Git Commands (Every day use)

Here are the list of git commands that I use every day:

  • Clone remote repository
  • list the branches in test-repo repository.
    • git branch -vv
  • Switch between branches
    • git checkout milestone1
    • git checkout milestone2
  • Create a new branch work1 from milestone1
    • git checkout milestone1
    • git branch work1
    • git checkout work1
    • You can combine above two commands with “git checkout -b work1”
  • Push new branch work1 to repository test-repo
    • git push origin
  • Merging branches (merge milestone2 code to work1)
    • git checkout milestone2
    • git pull (git fetch & git merge origin/milestone2)
    • git checkout work1
    • git pull
    • git merge –no-ff milestone2
    • git push origin work1
  • push a modification to file1 to work1 branch
    • git chekcout work1
    • git pull
    • git add file1
    • git commit -m “message” (or git commit -a -m “message” to skip staging area)
    • git push origin work1
  • Delete local branch
    • git branch -d work1 (to delete tracking branch)
    • git push origin  :work1 (to delete branch on remote repository)
  • You have done some changes in your local tracking branch, but you want to work on different branch and come back. If you have new file, then add it to the index.
    • git add newfile
    • Do changes in current indexed file file1.
    • git stash
    • git checkout master
    • do some work on master branch
    • git checkout work1
    • git stash pop (will pop both file1 and newfiles changes on top of work1 branch)
  • See the history of commits
    • git log
    • git log -p -1
    • git log –stat
  • Code differences
    • git diff origin/master (local uncommitted changes with remote tracking branch)
    • git diff master (local uncommitted changes with tracking branch, where you commits your changes)
    • git diff COMMIT^ COMMIT (compare commit with ancestor commit of tracking branch)
    • git diff –staged (staged changes with tracking branch recent commit)
    • git diff (not committed)
    • git diff HEAD (upstaged changes with recent commit)
    • git show (to see the commited changes, difference with parent commit)
    • git diff milestone1..milestone2 (difference between two branches)
  • Status of your changes
    • git status
  • Resetting local committed changes
    • git reset <commit-id> (HEAD is moved to the specified commit-id)
  • Resetting local staged changes
    • git rm –cached
  • Discard changes in current working directory. (not staged)
    • git checkout — file1
  • Bringing changes to exiting commit
    • git add file2
    • git commit –amend (will add file2 change into same commit, not pushed)
  • Generate patch from commit 
    • git format-patch -n1
    • git am <p (apply a specific patch)

We need to understand some theory behind how git works. Some common terms we come across while working with git:

Repository, Remote tracking branch,  Tracking branch, Local branch

Repository – A set of branches related to project. (git clone <repository link>)

Remote tracking branch –

Remote-tracking branches are references to the state of remote branches. They’re local references that you can’t move; they’re moved automatically for you whenever you do any network communication. Remote-tracking branches act as bookmarks to remind you where the branches in your remote repositories were the last time you connected to them.

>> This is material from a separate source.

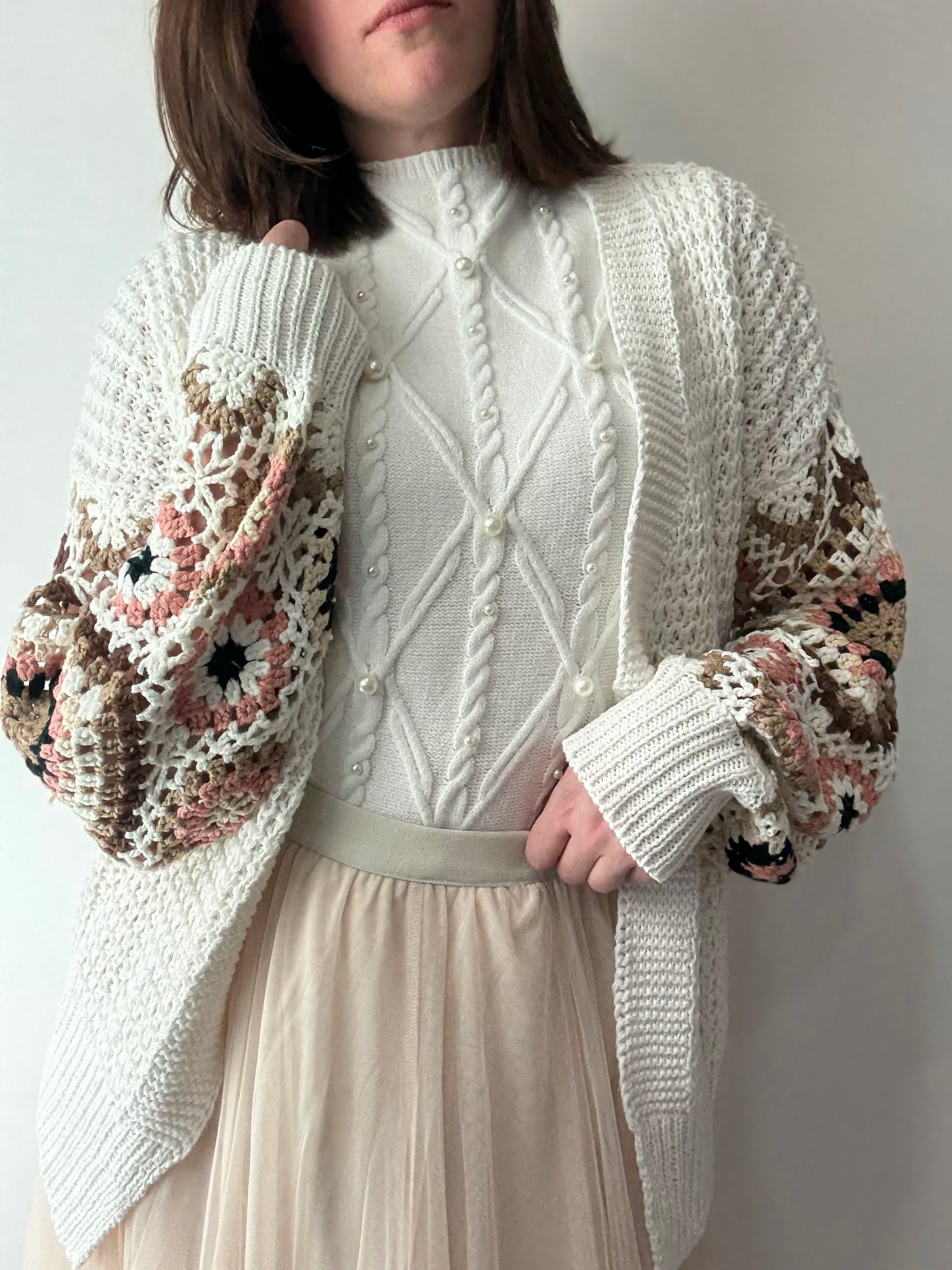 Person wearing a white knitted cardigan with floral patterns on a plain background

On my computer origin/master is the remote tracking branch which refers to the branch on hosting computer. When I do git pull, git push,  the git command uses origin/master info to talk to hosting computer(github.com).

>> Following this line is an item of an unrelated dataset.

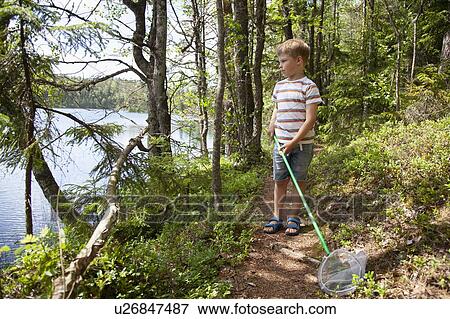 Stock Photo - Boy exploring forest, Finland. Fotosearch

Tracking branch /Local branch – This is the branch on my computer, which will have all the commits I have done but not yet pushed to the remote branch.

git branch -vv
  ganga     8e22413 [origin/ganga: ahead 2] integration of allocation logic
  master    4ae3a25 [origin/master] db change
* bug1 c8676f9 [dev/bugs: ahead 4, behind 2] fix for illegal option
  fet1   62a363b container changes

In above example,  Local branch or tracking branches are : ganga, master, bug1 and testing

Remote tracking branches : origin/ganga, origin/master, dev/bugs,

Tracking branches are local branches that have a direct relationship to a remote branch. If you’re on a tracking branch and type git pull, Git automatically knows which server to fetch from and branch to merge into

Git index (aka staging area/cache/directory cache/staged files) – Changes that are added for commit.

 

Advertisements

Good string programming puzzle

Problem Definition:

You are challenged to write an algorithm to check if a given string, s, can be formed from two other strings, part1 and part2.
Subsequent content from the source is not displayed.